**DATA SECTION**
== Segment start ==

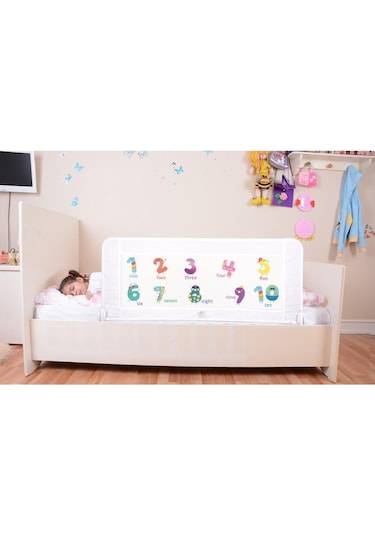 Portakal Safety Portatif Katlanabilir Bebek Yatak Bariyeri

== Segment end ==
== Segment start ==

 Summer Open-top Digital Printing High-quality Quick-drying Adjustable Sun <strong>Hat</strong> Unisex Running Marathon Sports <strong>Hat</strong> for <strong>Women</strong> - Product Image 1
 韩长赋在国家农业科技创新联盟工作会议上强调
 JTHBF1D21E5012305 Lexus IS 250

== Segment end ==
== Segment start ==

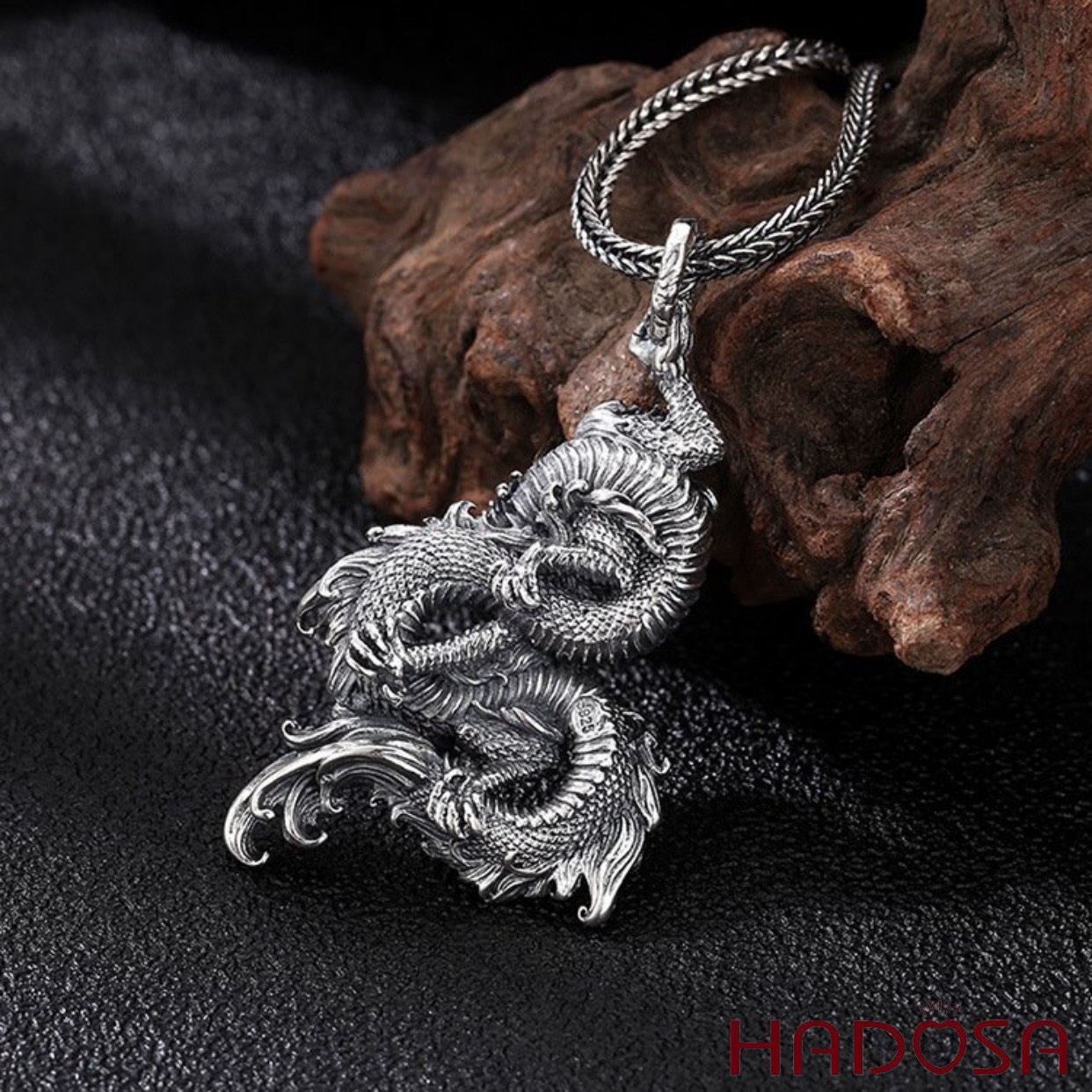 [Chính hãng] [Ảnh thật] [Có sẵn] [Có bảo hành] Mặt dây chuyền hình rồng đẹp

== Segment end ==

**TASK DIRECTIONS**
Give back, unchanged, the run of lines in the listing above that begins at the line containing "Summer Open-top Digital" and ends at the line containing "JTHBF1D21E5012305 Lexus IS 250", both included.

**SOLUTION FOR THIS EXERCISE**
 Summer Open-top Digital Printing High-quality Quick-drying Adjustable Sun <strong>Hat</strong> Unisex Running Marathon Sports <strong>Hat</strong> for <strong>Women</strong> - Product Image 1
 韩长赋在国家农业科技创新联盟工作会议上强调
 JTHBF1D21E5012305 Lexus IS 250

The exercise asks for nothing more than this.